The problem:
Your response should contain exactly the lines running from the one with "Designer Nike Air Jordan 4 Sneakers" to the end of the data below, both included, and no pictures.

Working data:
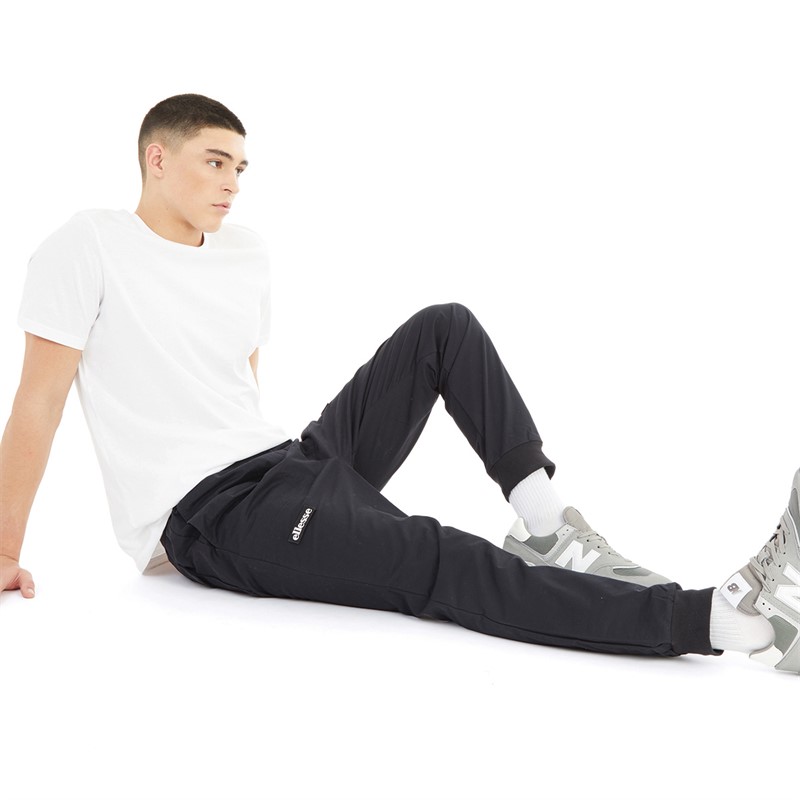 Ellesse Mens Duccio Cargo Pant Black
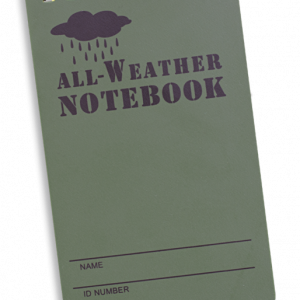 Waterproof notebook 12.1 * 7.6.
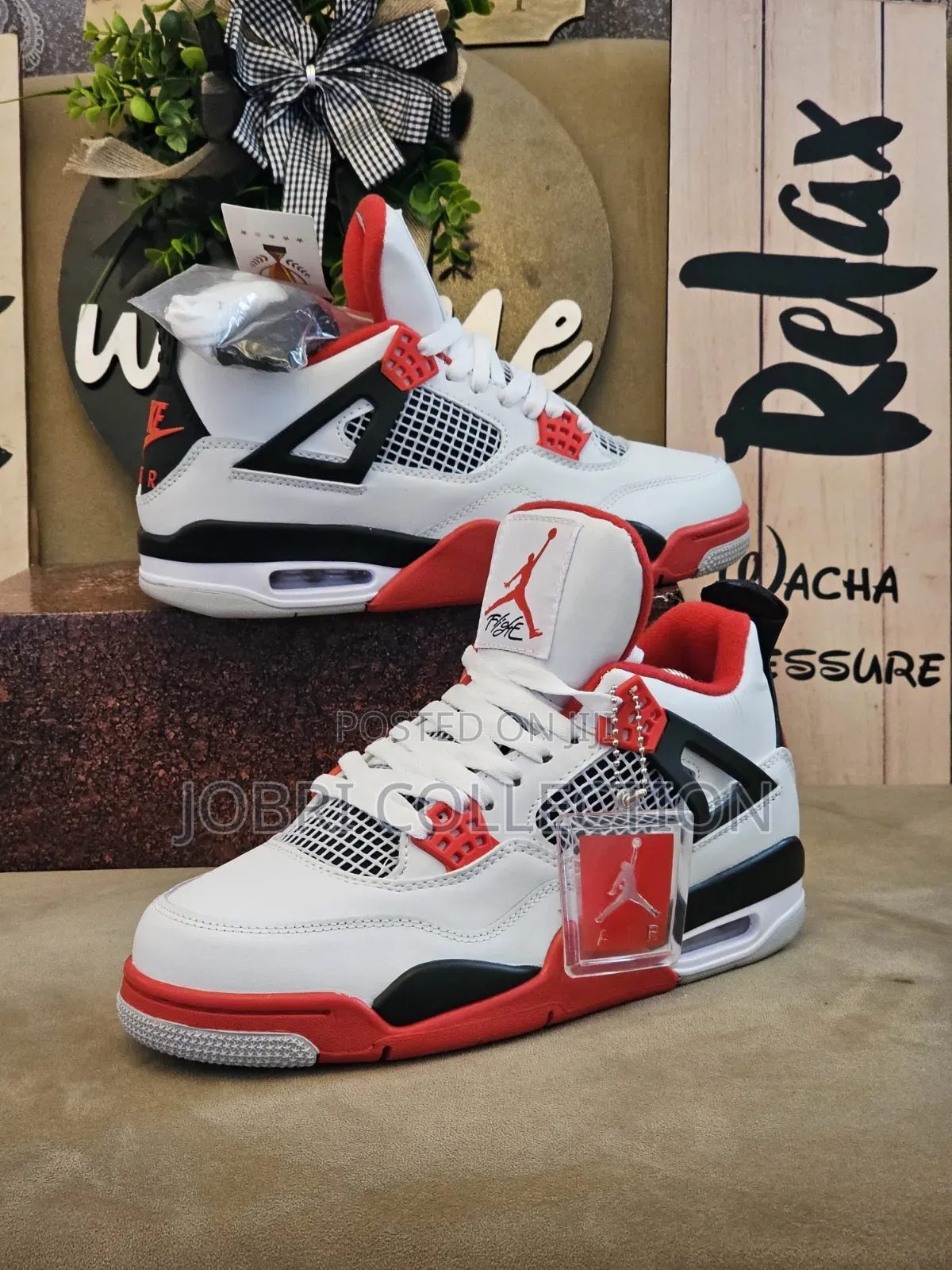 Designer Nike Air Jordan 4 Sneakers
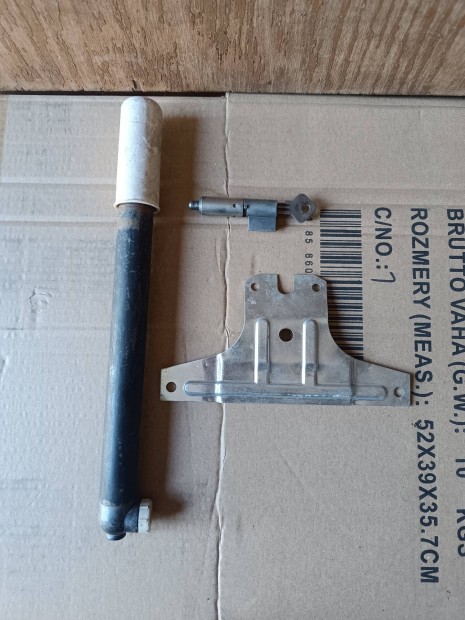 Simson s51 pumpa, rendszámtábla tartó vas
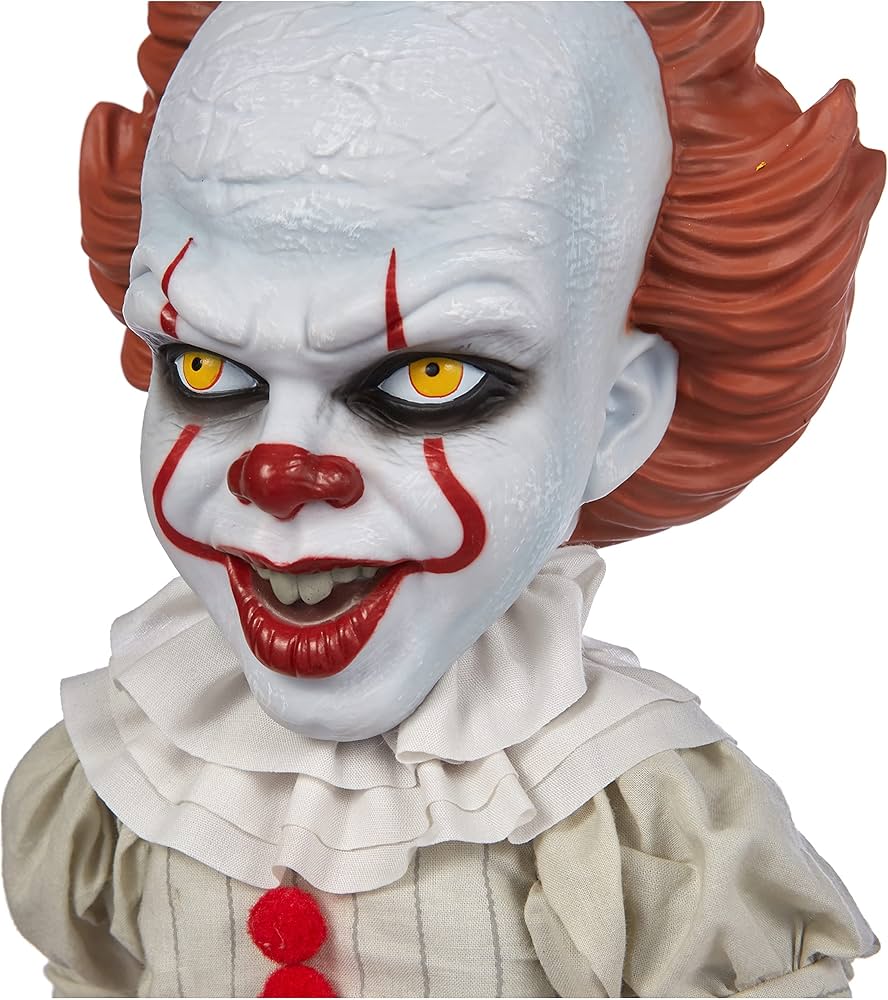 Amazon | It (2017): Mega Scale Talking Pennywise | フィギュア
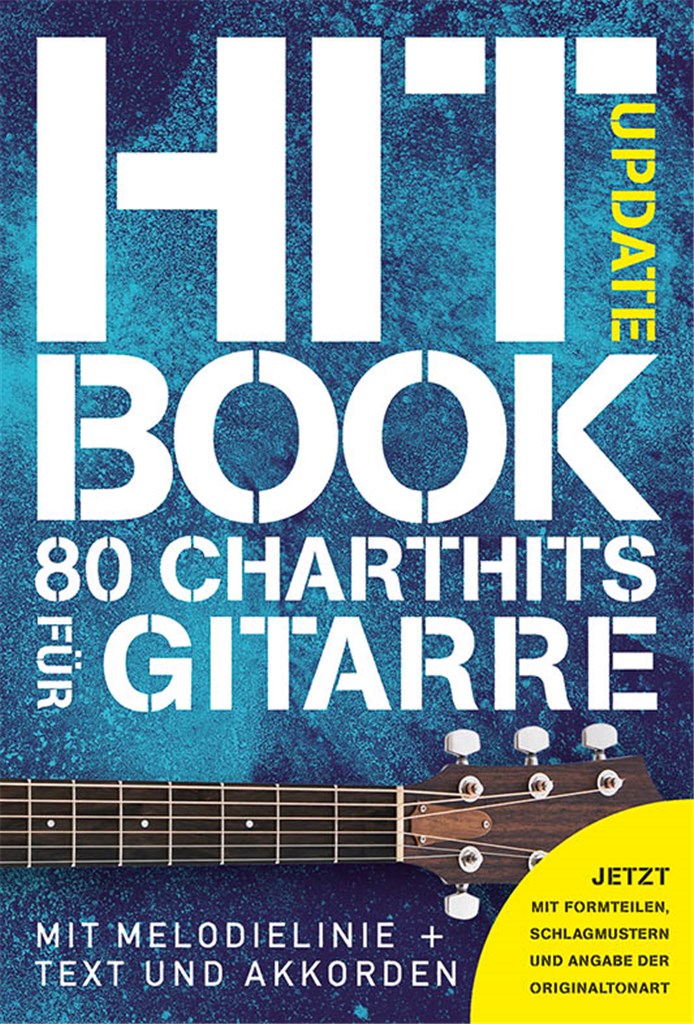 Hit Book Update - 80 Charthits Fur Gitarre MLC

Response to the task:
 Designer Nike Air Jordan 4 Sneakers
 Simson s51 pumpa, rendszámtábla tartó vas
 Amazon | It (2017): Mega Scale Talking Pennywise | フィギュア
 Hit Book Update - 80 Charthits Fur Gitarre MLC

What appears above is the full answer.